-- SUPPLIED INFORMATION --

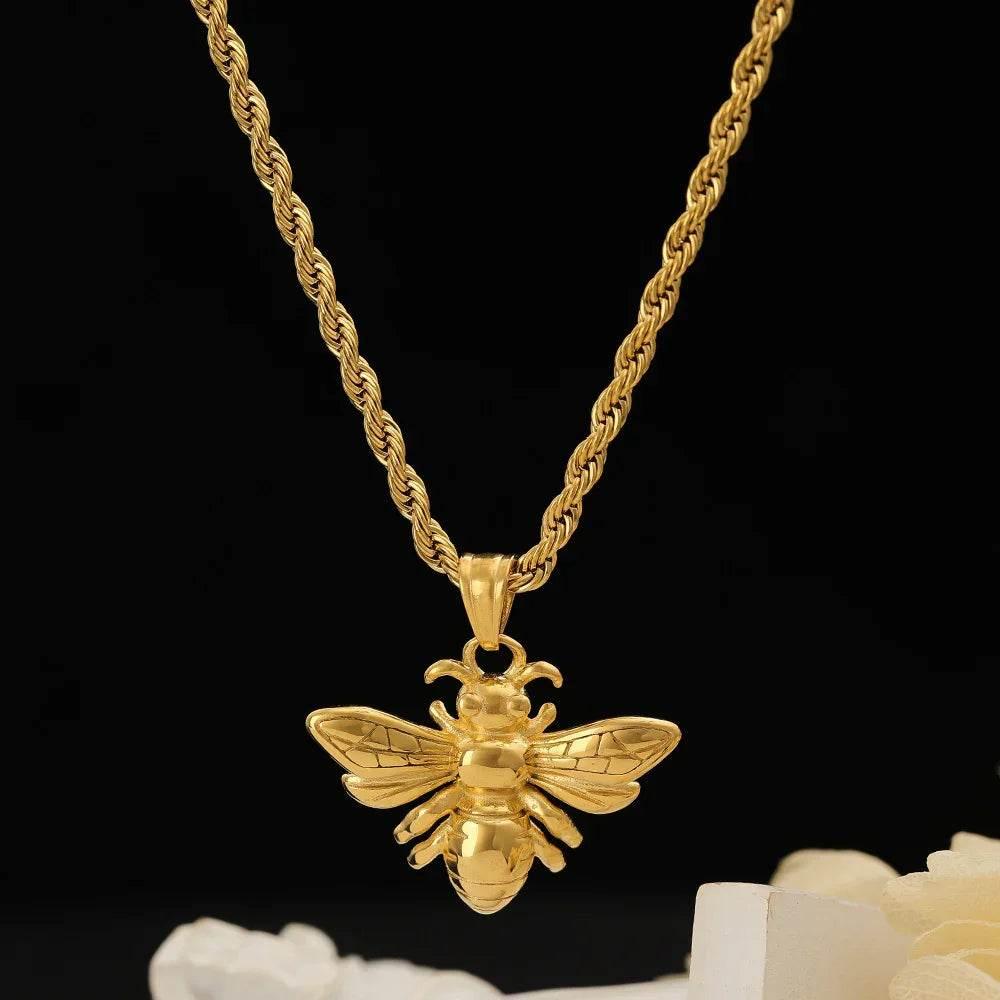 Gold bee pendant necklace with rope chain on black background, stylish women's jewelry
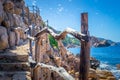 Wooden handrail of a stone path by the sea in Costa Paradiso Royalty Free Stock Photo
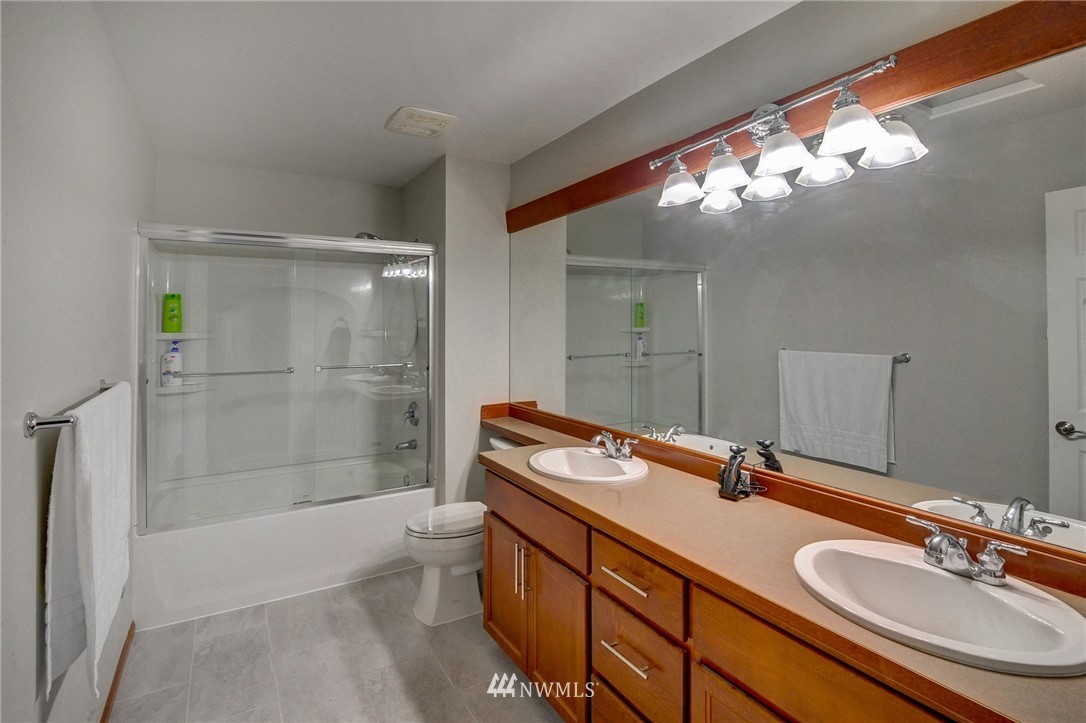 1217 South 36th Place Renton, WA 98055 - Photo 28 of 30 a bathroom with a sink double vanity granite tub and shower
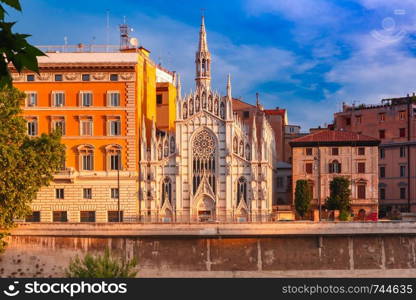 Tiber riverside with Church of the Sacred Heart of Jesus in Prati and mirror reflection in the morning in Rome, Italy. Church of the Sacred Heart in Prati, Rome, Italy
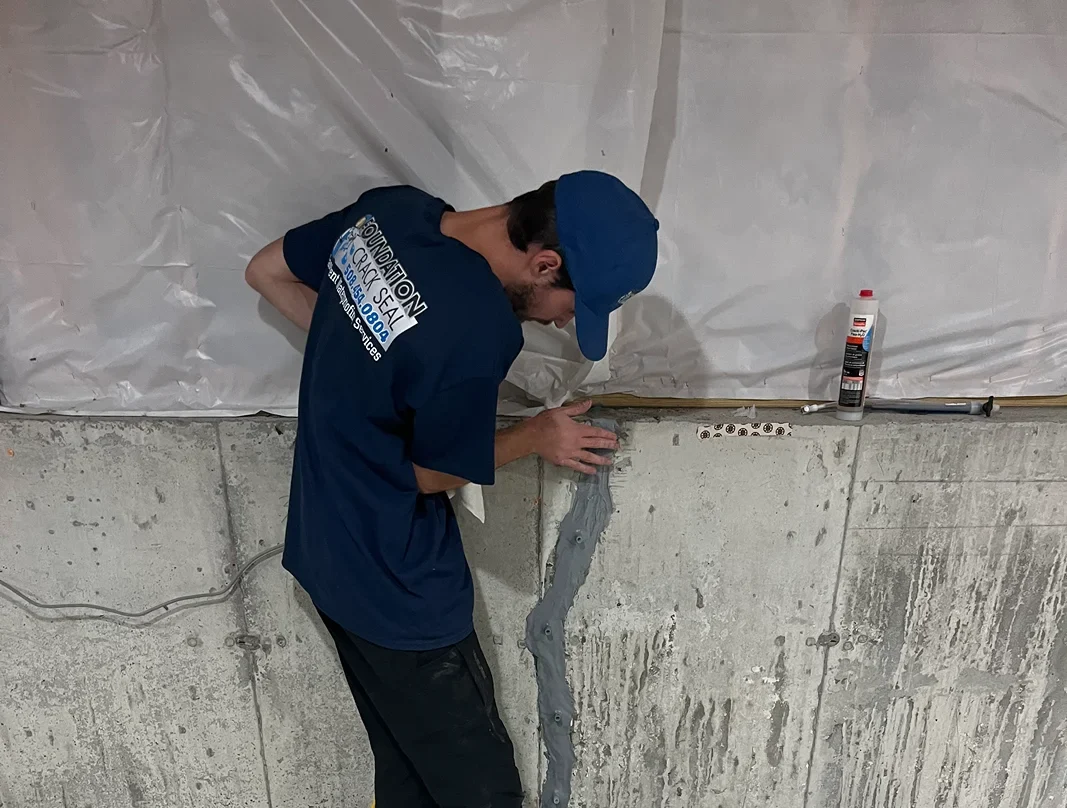 Garrett Budlong of Foundation Crack Seal repairing a foundation wall crack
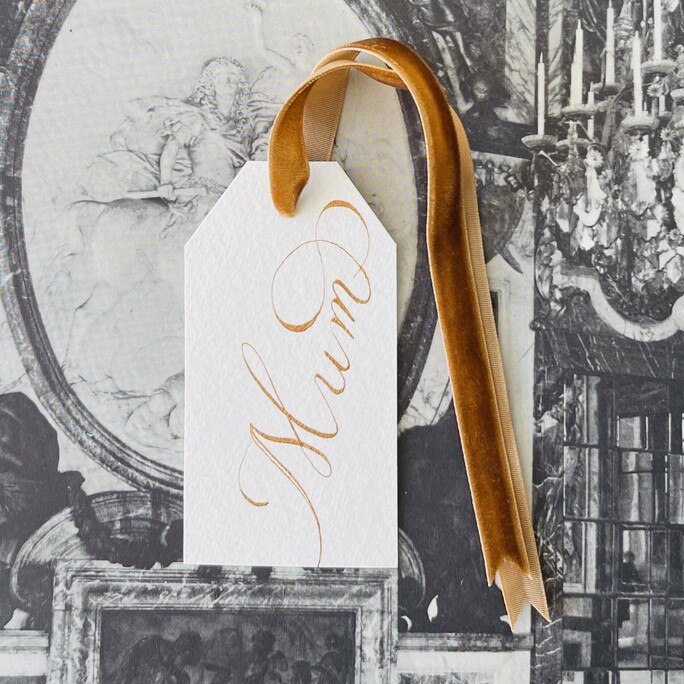 A collection of merry christmas gift tags written in walnut ink and sitting in one of our gift tag jars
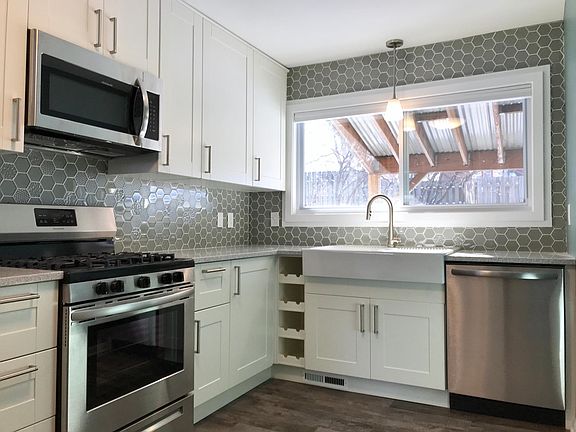 New kitchen with stainless appliances, quartz countertops.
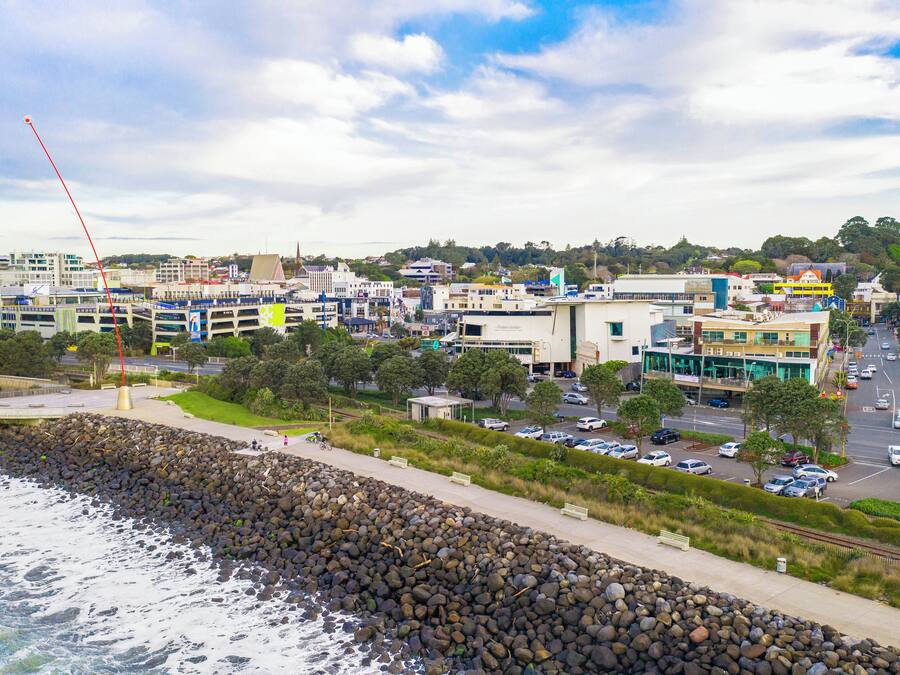 A coastal cityscape with a rocky shoreline, modern buildings, and a busy street.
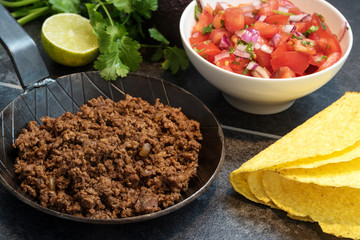 fried ground beef in a pan, as a filling for taco shells with ingredients as tomato salsa, lime and...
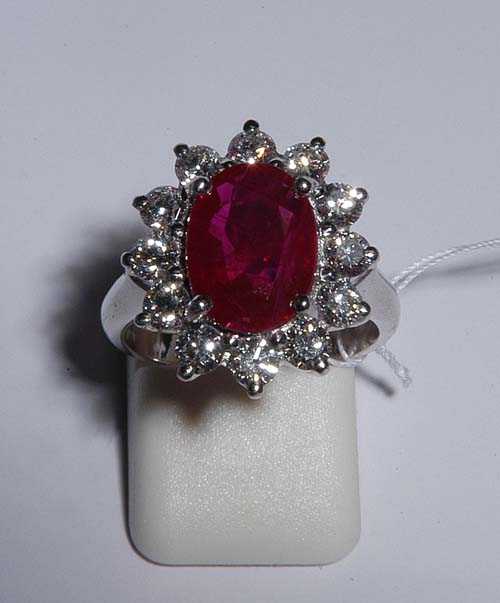 Appraisal: RUBY AND BRILLIANT-CUT DIAMOND RING White gold Elegant classic ring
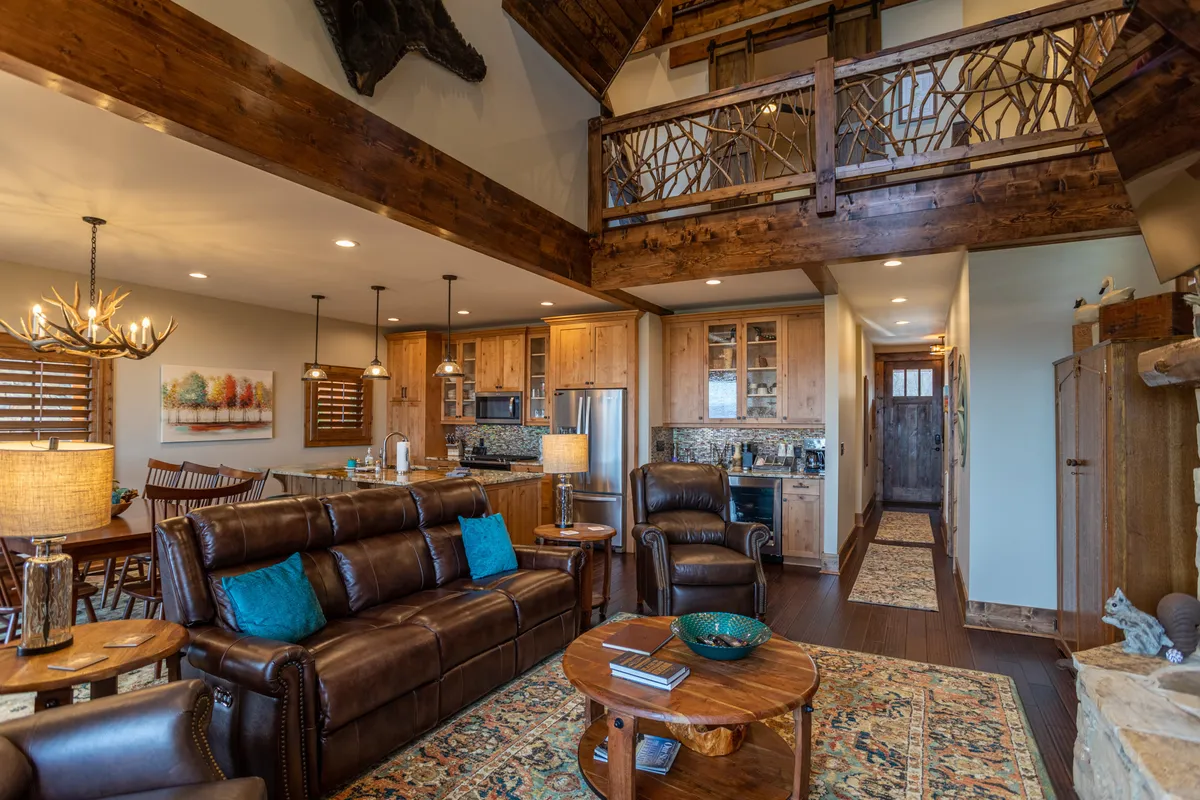 A cozy interior scene with a leather sofa and wooden dining table set beneath a chandelier, with the warm woodwork of a loft rail above. The space is perfect for relaxing after a day of adventure, gathering with loved ones, or enjoying quiet evenings.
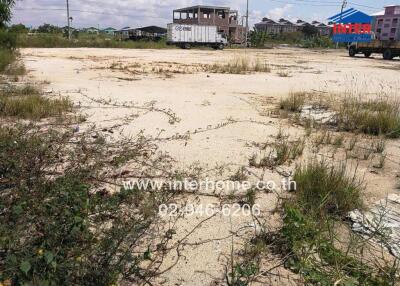 Vacant land with sparse vegetation and surrounding buildings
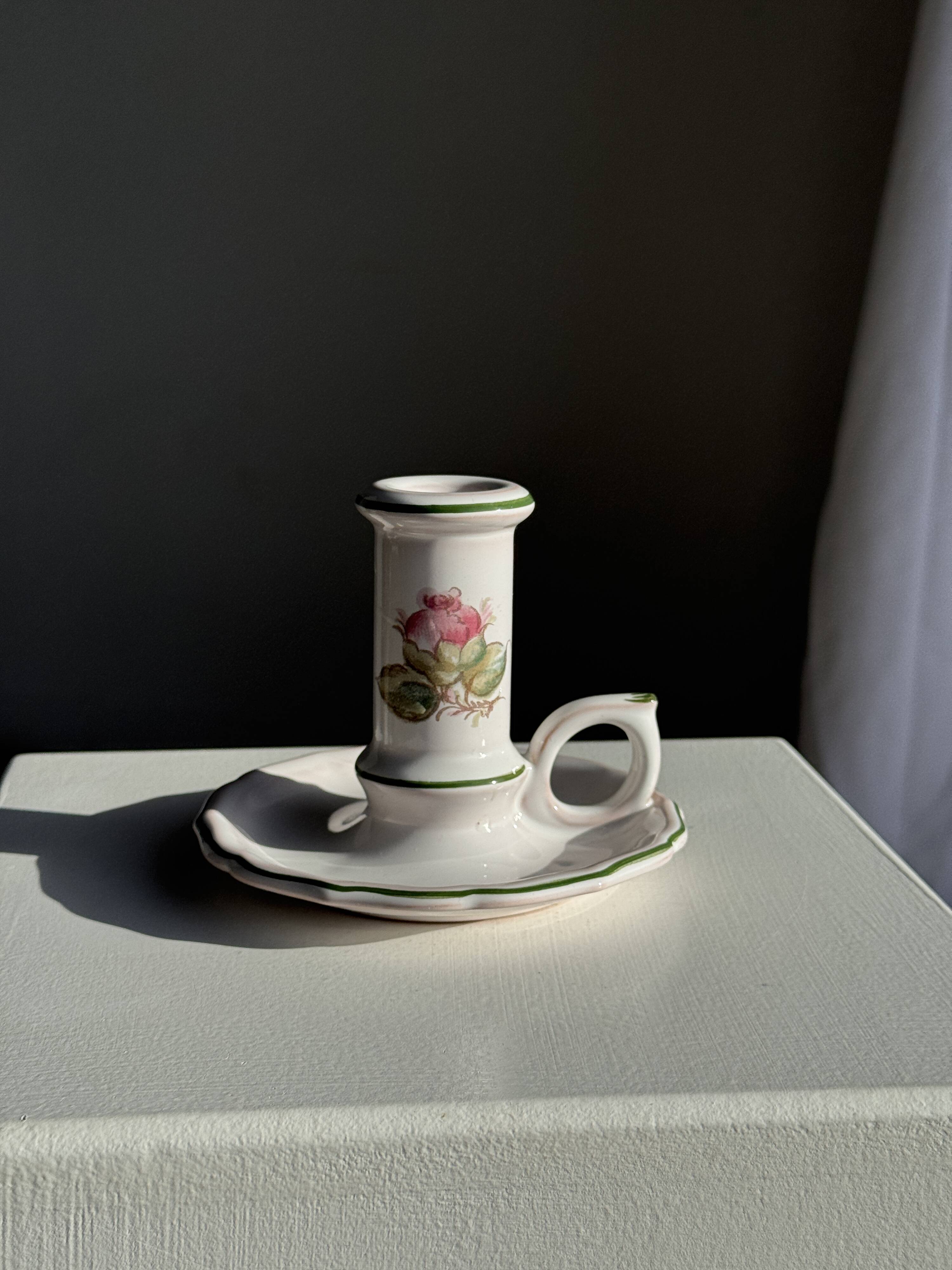 Small vintage hand-held candlestick in earthenware with green trim and floral decoration H10.5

-- WORK ORDER --
The expected output is exactly the lines from the one containing "fried ground beef" through the last line of the listing, both included, with every picture left out.

-- RESPONSE --
 fried ground beef in a pan, as a filling for taco shells with ingredients as tomato salsa, lime and...
 Appraisal: RUBY AND BRILLIANT-CUT DIAMOND RING White gold Elegant classic ring
 A cozy interior scene with a leather sofa and wooden dining table set beneath a chandelier, with the warm woodwork of a loft rail above. The space is perfect for relaxing after a day of adventure, gathering with loved ones, or enjoying quiet evenings.
 Vacant land with sparse vegetation and surrounding buildings
 Small vintage hand-held candlestick in earthenware with green trim and floral decoration H10.5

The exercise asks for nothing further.